The bullpen looks regressed. Bruce Chen looks a little spotty. The left side of the infield can’t hit it’s way out of a wet paper sack. Ned Yost has made some head scratching decisions, and Dayton Moore’s roster construction has been questionable.
That said, there are silver linings to this Royal cloud. For starters, it’s early. It is really, really early. The bullpen has been snake bitten with injuries and will certainly give the team better results moving forward. There are just too many great arms in that pen for it to be anything less than above average. They can’t repeat last year’s numbers, but they are going to be a strong unit this season.
The pen’s latest addition, Danny Duffy gave much to smile about against Minnesota. Duffy looked calm out there. I howled, like many, when the Royals alluded to adding him to the pen this Spring. The Royals said Duffy didn’t need more work as a starter in Omaha, but needed work learning how to get major leaguers out. Maybe they were right and we were wrong. It looks like the Royals are going to need more long relief help than expected. If Duffy can take some deep breaths and throw like he did against the Twins for a month, he may just swap roles with Chen. The Royals post season chances hinge on both Yordando Ventura and Danny Duffy “arriving” this season. Perhaps this development may allow for just that.
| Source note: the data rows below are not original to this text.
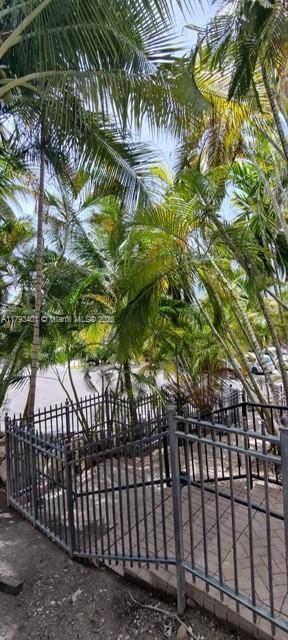 North Miami Beach, FL 33160,4000 NE 168th St #107A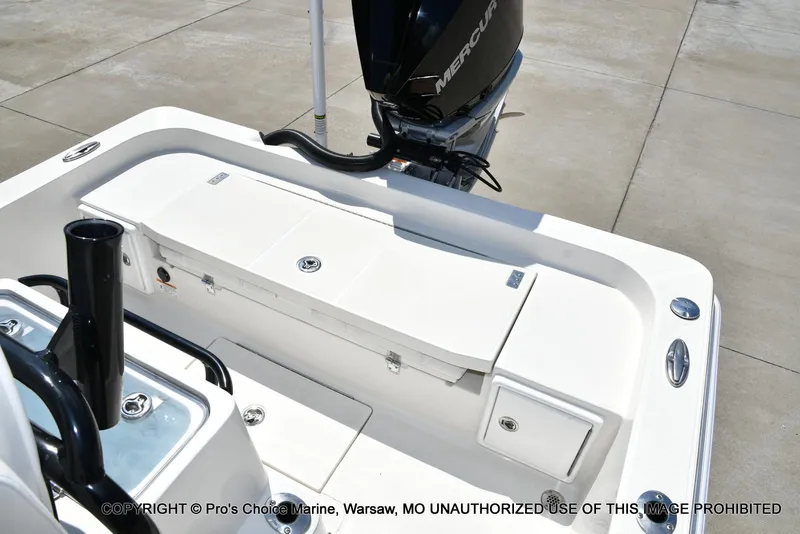 Slide: The Image of Ranger 2360 Bay w/300HP Mercury Verado 2024 - 80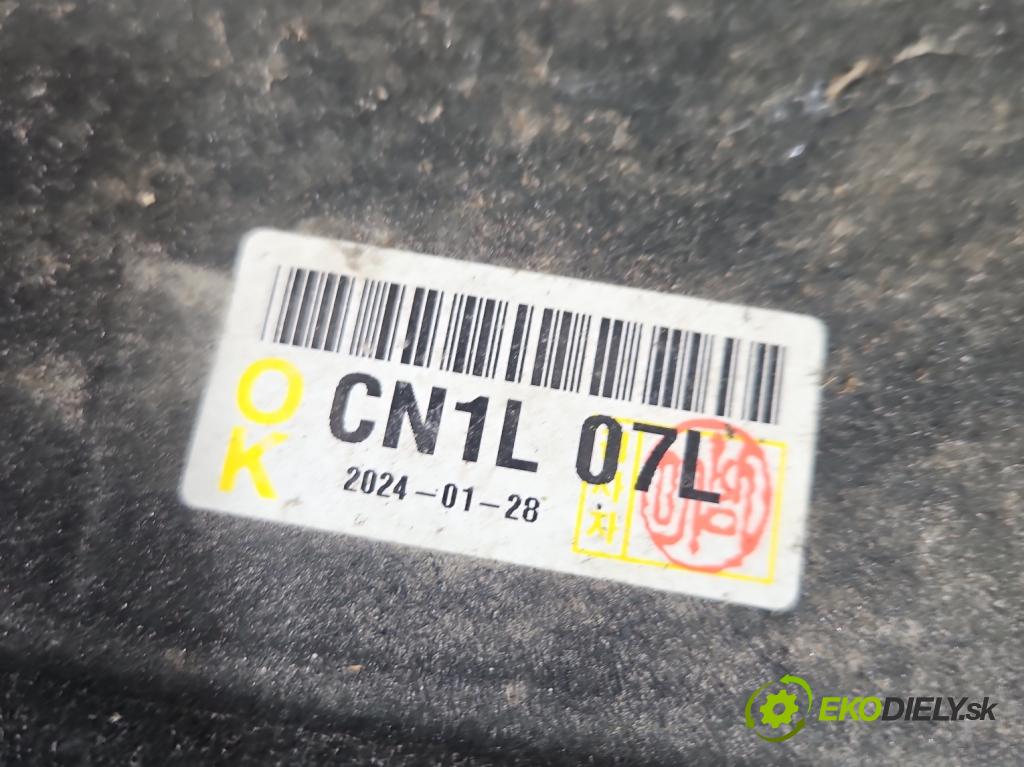 Hyundai Elantra VII 2020- 1.6 16V manual 90.2 kW 1598 cm3 4- kryt 84218-AA000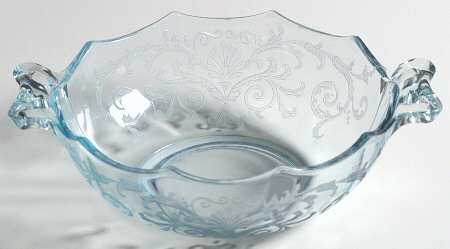 Versailles Blue (No Trim) Whipped Cream with Bow Handles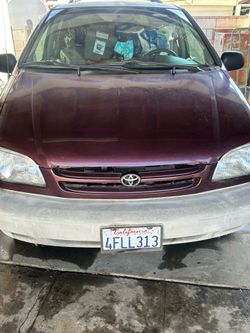 Toyota sienna 1999, 6 cilindros , titulo limpio ami nombre por 10 años esta viejita pero todavia prende y corre bien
Not only has Mike Moustakas struggled at the plate, but his defense has been very poor. Moose is playing so bad that the Royals are going to be forced to platoon him. This, sadly, is a good thing. Mike is not and likely will never become an above average every day major leaguer. Mike, like Luke Hochevar, is getting more chances than his play warrants because of his draft status. Mike, like Luke, may very well become a valuable piece for the Royals with a reduced role. If only he and the Royals can adjust their expectations. The Royals are very concerned about his confidence. What good does his confidence gain by flailing away at left handed pitchers? How well have high expectations treated him so far? Danny Valencia is on this team for a reason, and there is no way he, and his power, won’t be utilized very soon.
Last year’s hot mess at second base and right field has been cleaned up. Nori Aoki and Omar Infante have not set the league on fire, but both look steady. The fact the Royals played meaningful baseball last year without even average players at second and right field makes even average output very impactful. Having those two at the top of the lineup has allowed Alex Gordon to bat fifth and see more RBI opportunities. He’s capitalizing on many of these chances, and his high strike out ratio is no longer planted firmly in the first inning of every game. Once Hosmer and Butler start driving the ball better, and they will, the team will start to score more runs.
The brightest new star has been Jason Vargas. Many, including yours truly, mocked the Royals for giving him such a long and lucrative contract. Defenders of the deal said Vargas would shine with the Royals excellent defense, the larger park, and the grounding stability his deal offered. Maybe it’s time to start giving Dayton more credit for his ability to identify starters. He may not have any track record for developing starters, but, for the money, Shields, Santana, and Chen have all performed very well. Early returns on Vargas follow suit.
Yes, the Royals are off to a cloudy start, but their May forecast looks bright.